In November 1979 Gorbachev was promoted Candidate Member of the Politburo, then less than a year later, he was made Full Member of Politbureau, the highest rank in the Communist Party which gave him unlimited direct access to Brezhnev and Andropov. The latter also promoted Gorbachev to sub for him at several Politburo meetings, and gave him a huge power in decision-making. Gorbachev developed a personal friendship with another Politburo member, Eduard Shevardnadze, and the two were vacationing together at the prestigious Black sea resort of Pitsunda. At that time the invasion of Afghanistan, ordered by senile Brezhnev in 1979, seriously undermined international credibility of the Soviet Union. Andrei Sakharov wrote an open letter to Brezhnev calling for a stop to the war. 50 nations boycotted the 1980 Olympics in Moscow. Crackdown on intellectual freedom and human rights included the use of psychiatric terror, arrests, and the exile of dissidents. The head of the KGB Yuri Andropov declared Andrei Sakharov the "enemy No. 1." Sakharov was forcefully exiled from Moscow to the militarized 'closed' city of Gorky. He was placed under tight surveillance and restricted from any contacts. His wife was also under tight surveillance. By his 70th birthday Brezhnev's health declined dramatically; but he made himself a Generalissimus Marshal of the Soviet Union, similar to that of Joseph Stalin. Brezhnev accepted over 200 decorations and awards, including awards from all pro-Soviet governments, except China. Brezhnev accepted countless expensive gifts and amassed a collection of vintage cars and other bribes. His personal vanity and behavior was replicated at all levels of the Communist Party and led to massive corruption.
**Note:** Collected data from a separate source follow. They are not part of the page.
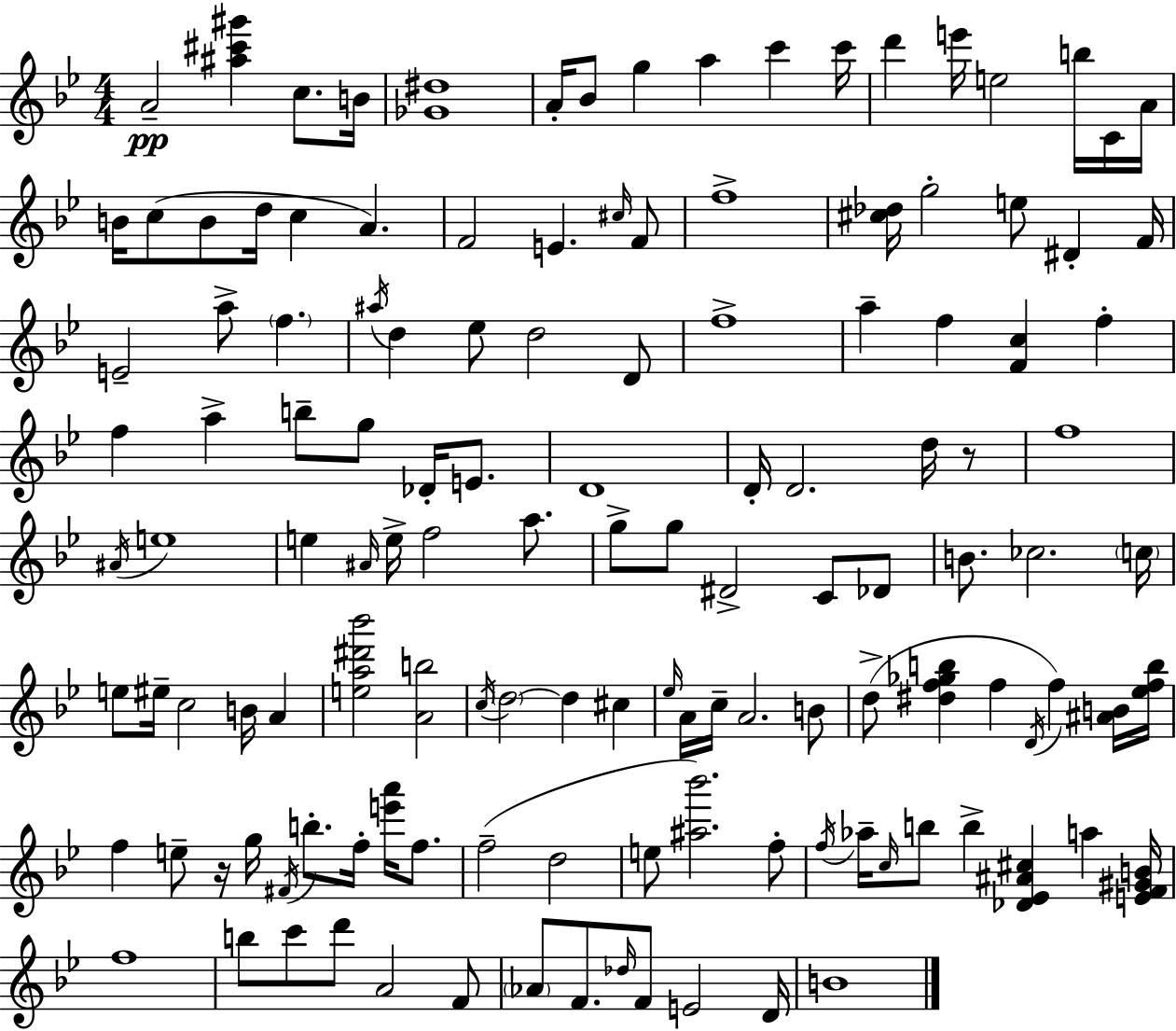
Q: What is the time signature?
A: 4/4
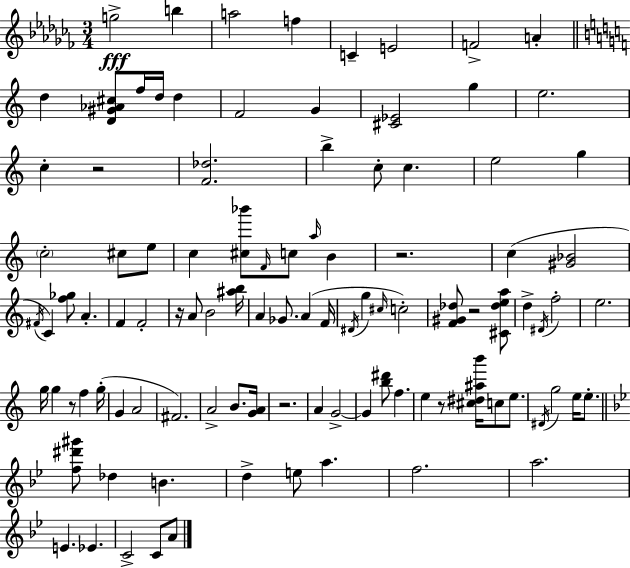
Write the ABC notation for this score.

X:1
T:Untitled
M:3/4
L:1/4
K:Abm
g2 b a2 f C E2 F2 A d [D^G_A^c]/2 f/4 d/4 d F2 G [^C_E]2 g e2 c z2 [F_d]2 b c/2 c e2 g c2 ^c/2 e/2 c [^c_b']/2 F/4 c/2 a/4 B z2 c [^G_B]2 ^F/4 C [f_g]/2 A F F2 z/4 A/2 B2 [^ab]/4 A _G/2 A F/4 ^D/4 g ^c/4 c2 [F^G_d]/2 z2 [^C_dea]/2 d ^D/4 f2 e2 g/4 g z/2 f g/4 G A2 ^F2 A2 B/2 [GA]/4 z2 A G2 G [b^d']/2 f e z/2 [^c^d^ab']/4 c/2 e/2 ^D/4 g2 e/4 e/2 [f^d'^g']/2 _d B d e/2 a f2 a2 E _E C2 C/2 A/2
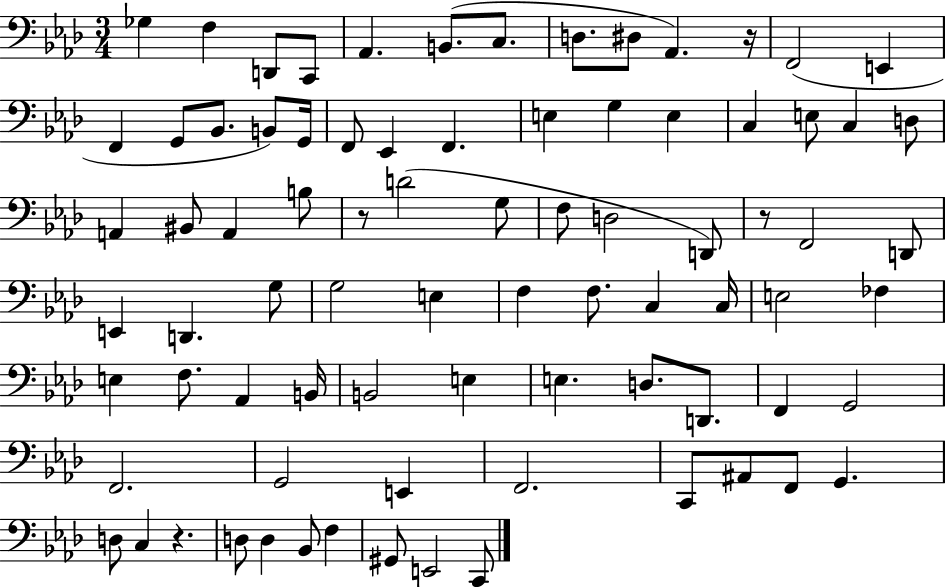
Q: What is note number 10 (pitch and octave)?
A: Ab2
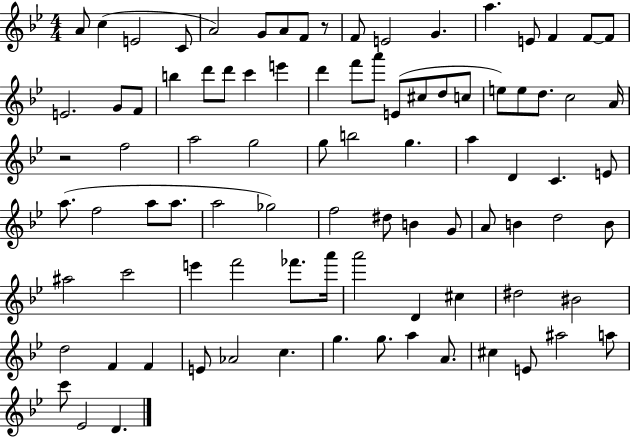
A4/e C5/q E4/h C4/e A4/h G4/e A4/e F4/e R/e F4/e E4/h G4/q. A5/q. E4/e F4/q F4/e F4/e E4/h. G4/e F4/e B5/q D6/e D6/e C6/q E6/q D6/q F6/e A6/e E4/e C#5/e D5/e C5/e E5/e E5/e D5/e. C5/h A4/s R/h F5/h A5/h G5/h G5/e B5/h G5/q. A5/q D4/q C4/q. E4/e A5/e. F5/h A5/e A5/e. A5/h Gb5/h F5/h D#5/e B4/q G4/e A4/e B4/q D5/h B4/e A#5/h C6/h E6/q F6/h FES6/e. A6/s A6/h D4/q C#5/q D#5/h BIS4/h D5/h F4/q F4/q E4/e Ab4/h C5/q. G5/q. G5/e. A5/q A4/e. C#5/q E4/e A#5/h A5/e C6/e Eb4/h D4/q.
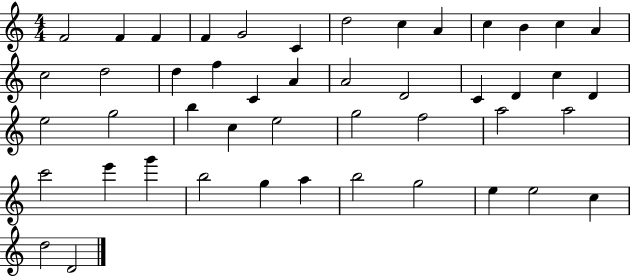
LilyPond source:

{
  \clef treble
  \numericTimeSignature
  \time 4/4
  \key c \major
  f'2 f'4 f'4 | f'4 g'2 c'4 | d''2 c''4 a'4 | c''4 b'4 c''4 a'4 | \break c''2 d''2 | d''4 f''4 c'4 a'4 | a'2 d'2 | c'4 d'4 c''4 d'4 | \break e''2 g''2 | b''4 c''4 e''2 | g''2 f''2 | a''2 a''2 | \break c'''2 e'''4 g'''4 | b''2 g''4 a''4 | b''2 g''2 | e''4 e''2 c''4 | \break d''2 d'2 | \bar "|."
}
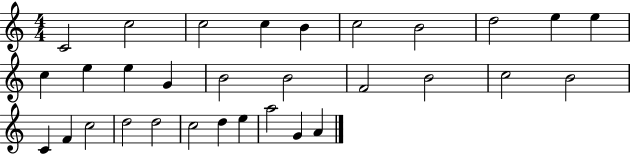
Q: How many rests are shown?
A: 0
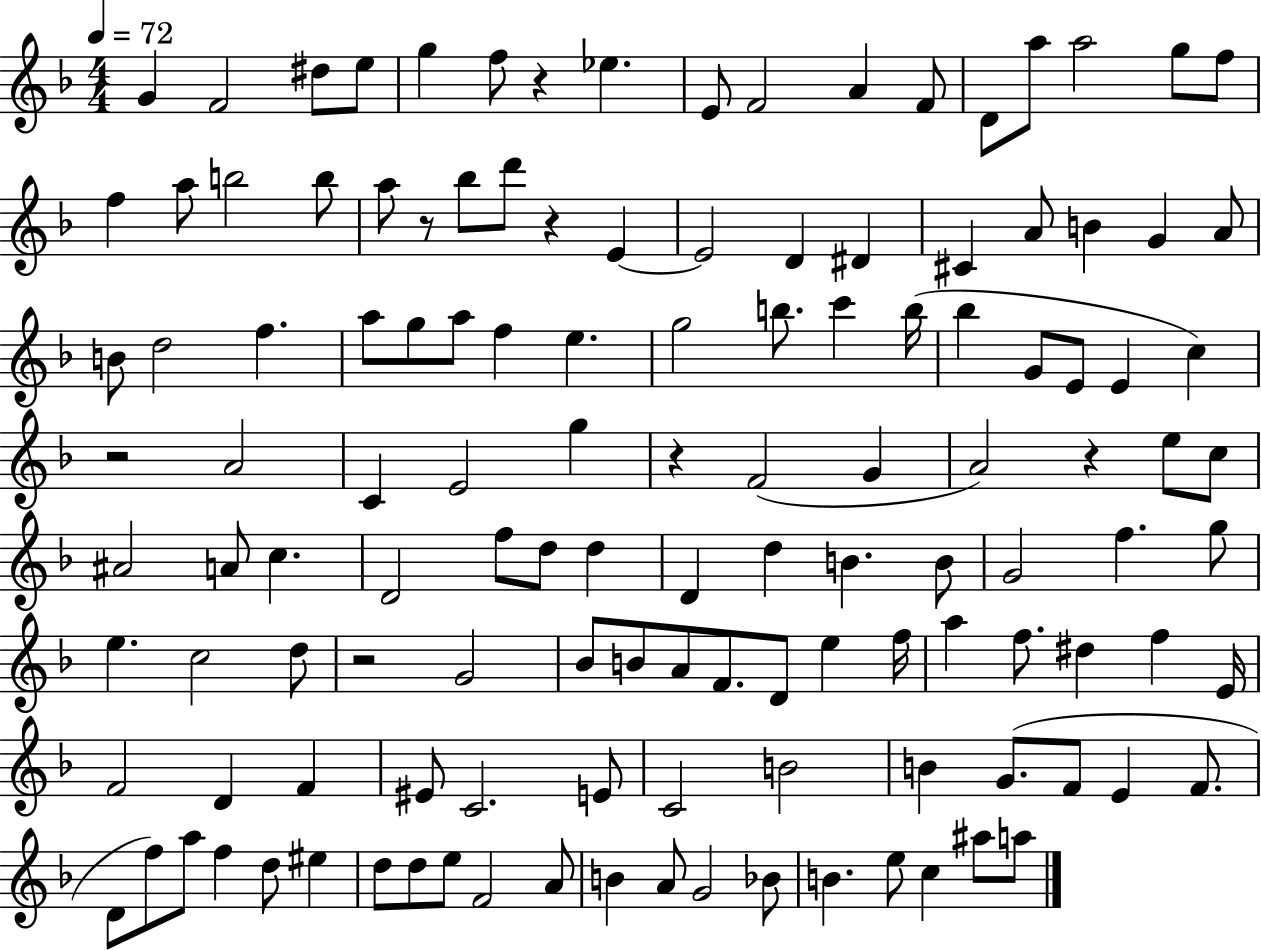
{
  \clef treble
  \numericTimeSignature
  \time 4/4
  \key f \major
  \tempo 4 = 72
  g'4 f'2 dis''8 e''8 | g''4 f''8 r4 ees''4. | e'8 f'2 a'4 f'8 | d'8 a''8 a''2 g''8 f''8 | \break f''4 a''8 b''2 b''8 | a''8 r8 bes''8 d'''8 r4 e'4~~ | e'2 d'4 dis'4 | cis'4 a'8 b'4 g'4 a'8 | \break b'8 d''2 f''4. | a''8 g''8 a''8 f''4 e''4. | g''2 b''8. c'''4 b''16( | bes''4 g'8 e'8 e'4 c''4) | \break r2 a'2 | c'4 e'2 g''4 | r4 f'2( g'4 | a'2) r4 e''8 c''8 | \break ais'2 a'8 c''4. | d'2 f''8 d''8 d''4 | d'4 d''4 b'4. b'8 | g'2 f''4. g''8 | \break e''4. c''2 d''8 | r2 g'2 | bes'8 b'8 a'8 f'8. d'8 e''4 f''16 | a''4 f''8. dis''4 f''4 e'16 | \break f'2 d'4 f'4 | eis'8 c'2. e'8 | c'2 b'2 | b'4 g'8.( f'8 e'4 f'8. | \break d'8 f''8) a''8 f''4 d''8 eis''4 | d''8 d''8 e''8 f'2 a'8 | b'4 a'8 g'2 bes'8 | b'4. e''8 c''4 ais''8 a''8 | \break \bar "|."
}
The old Brezhnev lost his acting abilities and couldn't even read the script. Massive disillusionment was reflected in cynical jokes about the Soviet life. The ugly reality in the Soviet Union was reflected in its senile leader. Gorbachev saw that outdated economic and political system in the Soviet Union was doomed, but propaganda was still brainwashing the minds of millions, because it was controlled by the privileged few top communists who lived in denial of the big reality.
The youngest Politburo Member, Mikhail Gorbachev, was contemplating reforms. Leonid Brezhnev died on November 10, 1982, and was succeeded by Yuri Andropov who died just 16 months later. He was replaced by Konstantin Chernenko, who died in just 13 months. In 1983 Politbureau member Rashidov committed suicide, then, in 1984 the powerful Defence Minister Ustinov died. While the Soviet Union was in a dying mode, the real world was rapidly growing into computer age that reshaped global community. The rigid Soviet System was incompatible with the constantly innovating world. USSR failed to respond to rapidly changing reality and alienated forward-thinking people even in the pro-Soviet countries. During the early 1980s Soviet Politbureau was torn between two viciously fighting groups of Communists, one was made of the old hard-liners led by Andrei Gromyko, the apprentice of Joseph Stalin. The other, pro-democracy group, was made of the forward-thinking members of the Politbureau who chose Gorbachev as their leader along with Aleksandr Yakovlev who was the brain behind Gorbachev's moves. With Gorbachev's support Yakovlev managed to change all hard-liners in the Soviet media and propaganda system. In March 1985 Gorbachev was made the Secretary General of the Communist Party of the Soviet Union, becoming the first Soviet leader to have been born after the disastrous Russian Revolution of 1917. He announced reforms called 'perestroika' (aka.. restructuring) and 'glasnost' (aka.. opening up), and lifted the walls of propaganda and denial. However, Gorbachev's first reform on regulations related to manufacturing and trade of alcohol became an economic disaster, causing a serious economic damage to the Soviet Union's State budget with annual losses exceeding tens of billions of dollars. Although his reforms were supported by public, many communist hard-liners openly opposed Gorbachev. Eventually, by the late 1980s Gorbachev's push for economic liberalization resulted in emergence of co-operatives and other forms of independent businesses, making the movement to freedom irreversible.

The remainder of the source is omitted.